But this time instead of the luxurious crackle of vinyl and rain forest-sapping gatefold album sleeves, we have DVD and 5.1 Surround Sound (whatever that is) in which to address the ills of the world. And on "Rings Around the World" there are many: from George Bush and the Death Penalty (on the country-meets-mutant-techno tomfoolery of "No Sympathy") to Peter Mandelson's moustache ("Shoot Doris Day") to mobile phones (on the Hawkwind-meets-Beach Boys style title track) to tolerating people you hate (on the superb "Juxtaposed With U").
But ambition is not always flawless and "Rings Around The World" is not without its flaws. While in scope it's a tremendous album, in execution it's patchy.
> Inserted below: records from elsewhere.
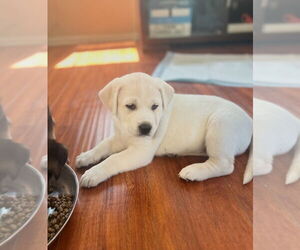 Labrador Retriever-Unknown Mix Dogs for adoption in Dana Point, CA, USA
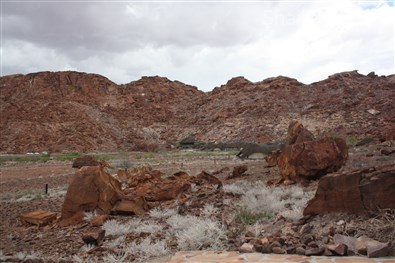 Damaraland - 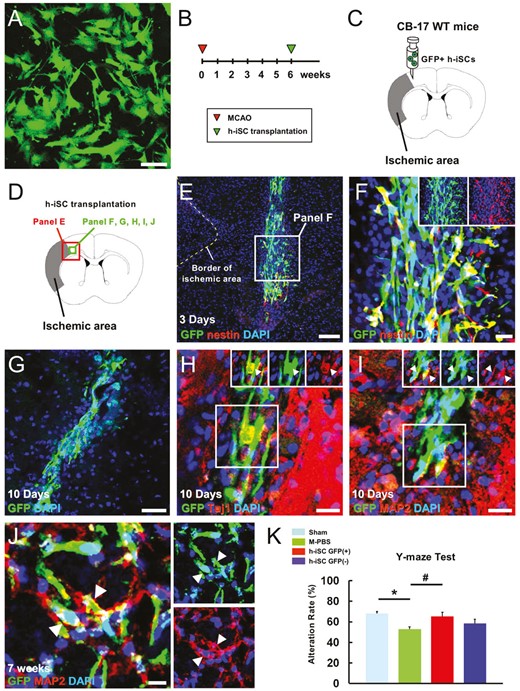 移植的h-iSC分化為成熟神經(jīng)元，可能有助于MCAO后神經(jīng)功能的恢復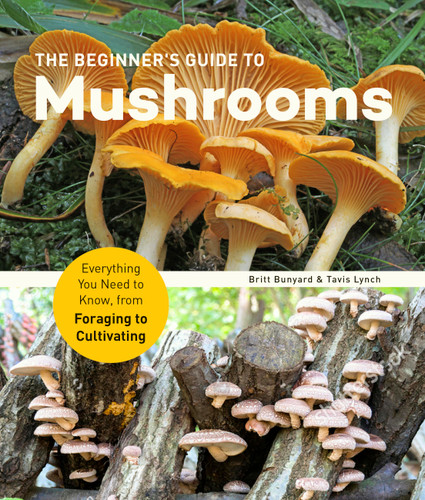 The Beginner's Guide to Mushrooms: Everything You Need to Know, from Foraging to Cultivating book cover by Tavis Lynch, Britt Bunyard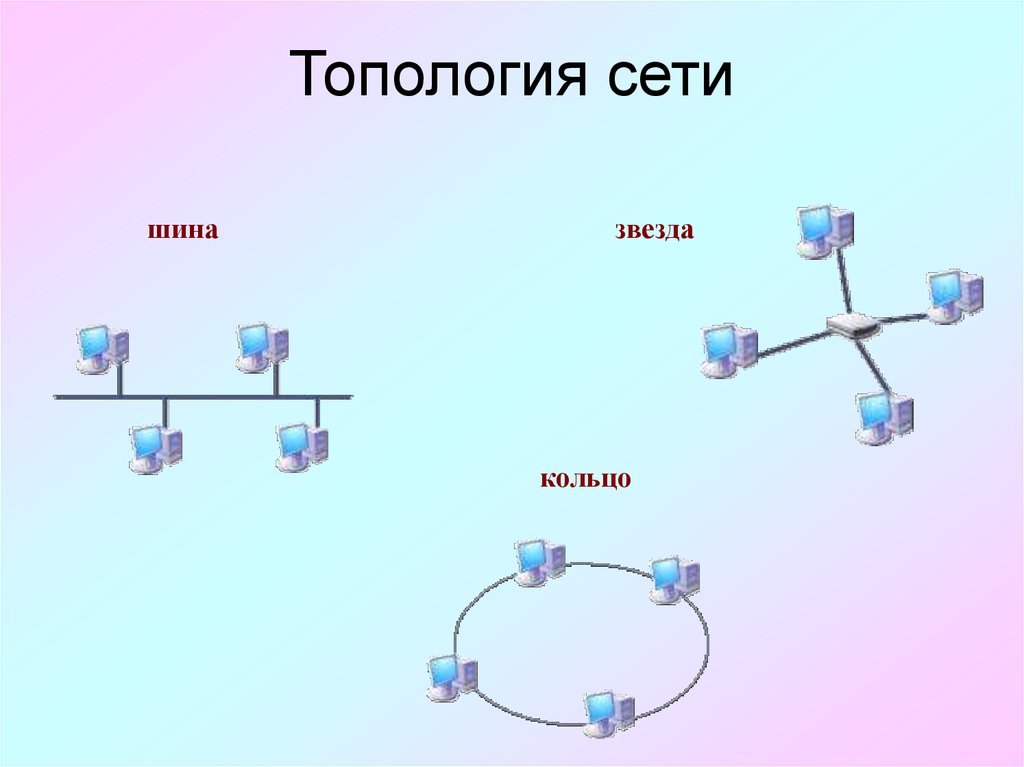 Network вид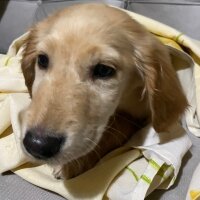 Golden Retriever, Köpek  Lora fotoğrafı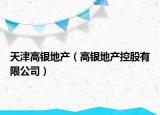 天津高银地产（高银地产控股有限公司）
It starts well with the sombre, scene setting "Alternative View From Vulcan Street" and even the supremely dodgy power chords of "Sidewalk Serfer Girl" work, but after the lifting title track with its ironic chorus ("ring ring" shouted triumphantly over the clatter of mobile ring tones), things take a turn for the worse.
"It's Not The End of the World" is a supremely annoying trudge through the worst excesses of 70s prog rock complete with Jon Anderson (Yes vocalist for those not up to speed on their prog rock history) style falsetto vocals whilst "Receptacle for the Respectable" is, quite simply, a mess. Much has been made of the presence of Sir Paul McCartney (yes, that's the Paul McCartney) on the latter track. On it, he chews carrots and celery reprising his unique vegetable percussion technique first heard on the Beach Boys "Smile"-era track "Vegetables". You also suspect he lends some backing vocal assistance, but his presence can't save what is a truly dreadful track that ends in a barrage of death metal that's comical on the first listen but that soon wears off.
When it works, as it does on the sexy instrumental "A Touch Sensitive", the religion baiting "Run Christian Run" and on recent single "Juxtaposed With U", it really does work. But sadly there's just too much going on to merit this album the classic status it so obviously strives for.
The Super Furries are a truly inventive band but they're trying to be too smart with "Rings Around The World" and in the process have created a flawed masterpiece... like all their albums really.